## [REQUIRED WORK]
Your copy should match the listing below exactly, except that it holds no images.
[DATA EXTRACT Boundary: Start]
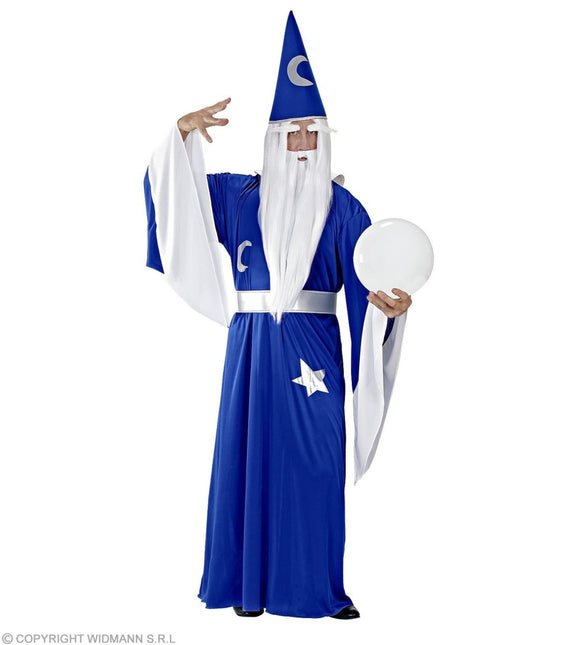 Tovenaar Kostuum Blauw Wit Heren - Partywinkel - 8003558351015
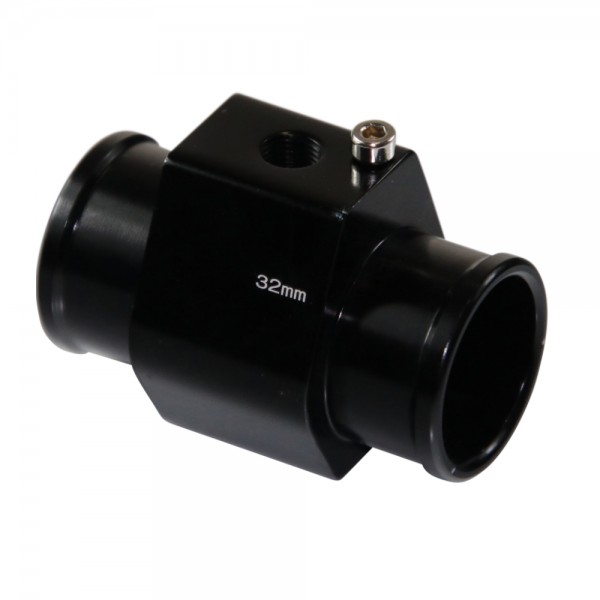 Radiator Hose Water Temperature Sensor Adaptor - 32mm Black Finish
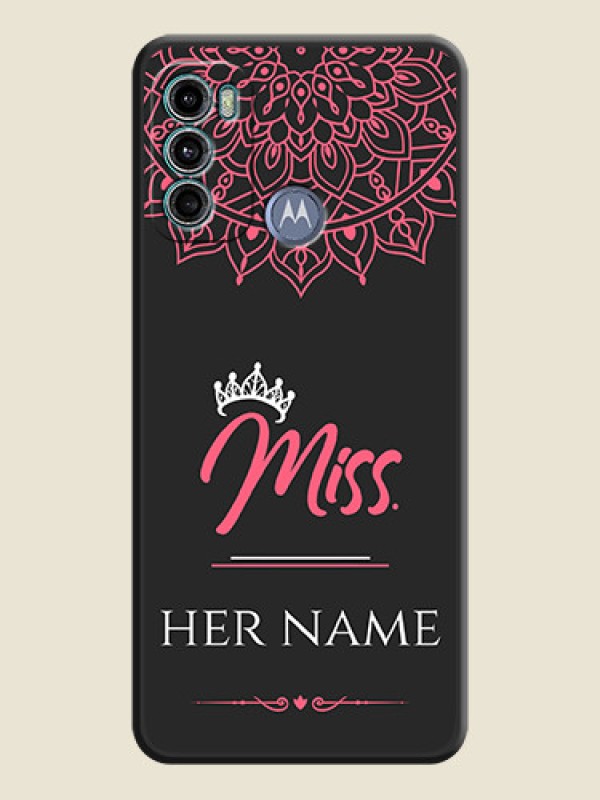Custom Mrs Name with Floral Design on Space Black Personalized Soft Matte Phone Covers - Motorola Moto G40 Fusion - alternate view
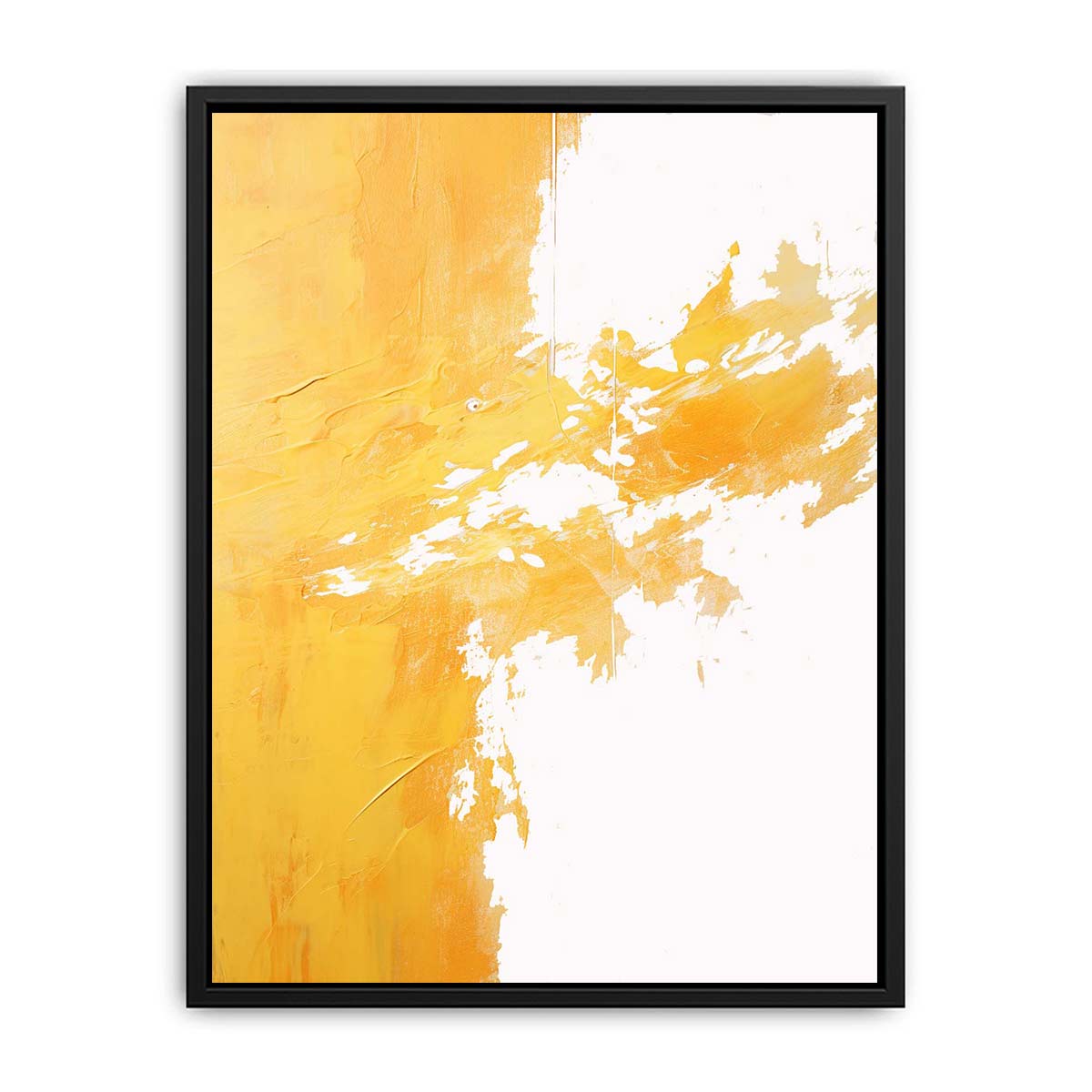 Yellow abstract brushstroke canvas art for modern living room decor.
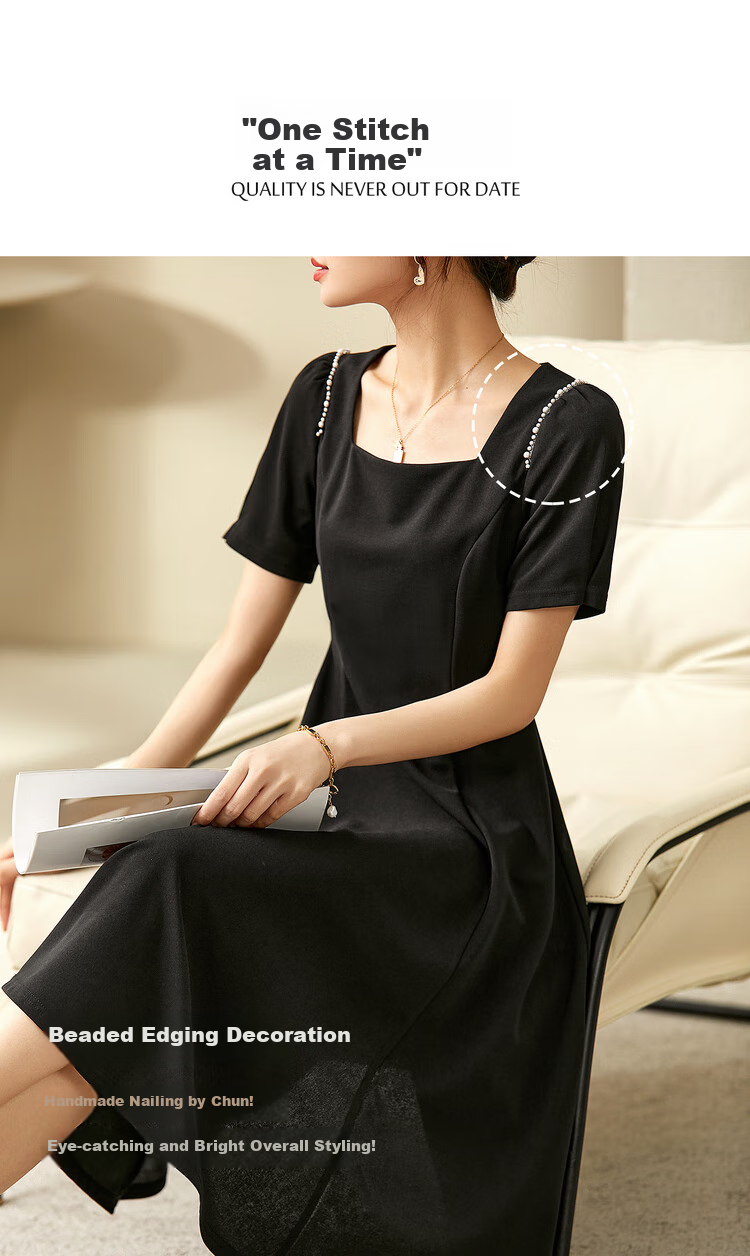 Sentubila Short-Sleeve Dress for Women, Summer Fashion Commuter Mid-Length A-Line Dress with Beaded Waist, Slimming Effect, Black, M 2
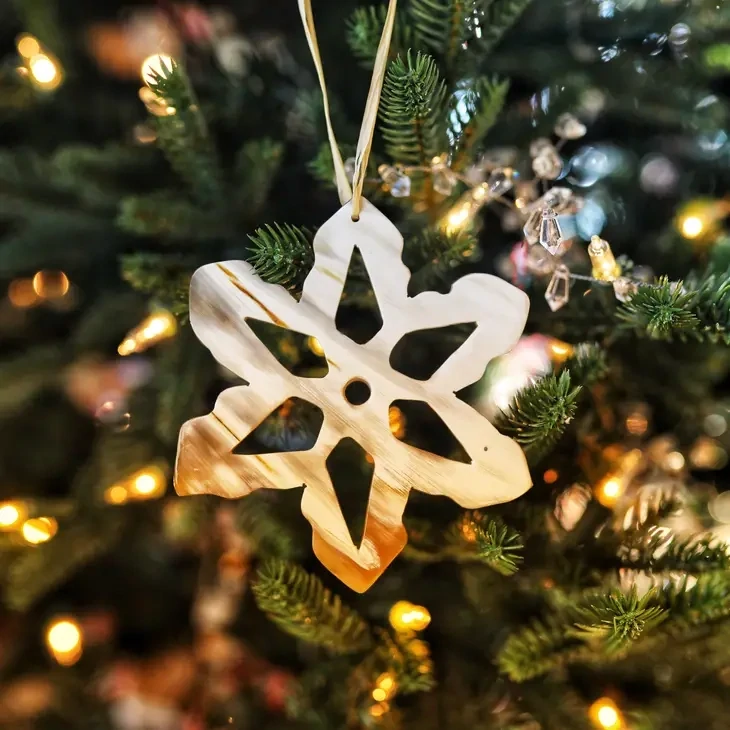 Snowflake Cow Horn Ornament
[DATA EXTRACT Boundary: End]
## [REPLY]
 Tovenaar Kostuum Blauw Wit Heren - Partywinkel - 8003558351015
 Radiator Hose Water Temperature Sensor Adaptor - 32mm Black Finish
Custom Mrs Name with Floral Design on Space Black Personalized Soft Matte Phone Covers - Motorola Moto G40 Fusion - alternate view
 Yellow abstract brushstroke canvas art for modern living room decor.
 Sentubila Short-Sleeve Dress for Women, Summer Fashion Commuter Mid-Length A-Line Dress with Beaded Waist, Slimming Effect, Black, M 2
 Snowflake Cow Horn Ornament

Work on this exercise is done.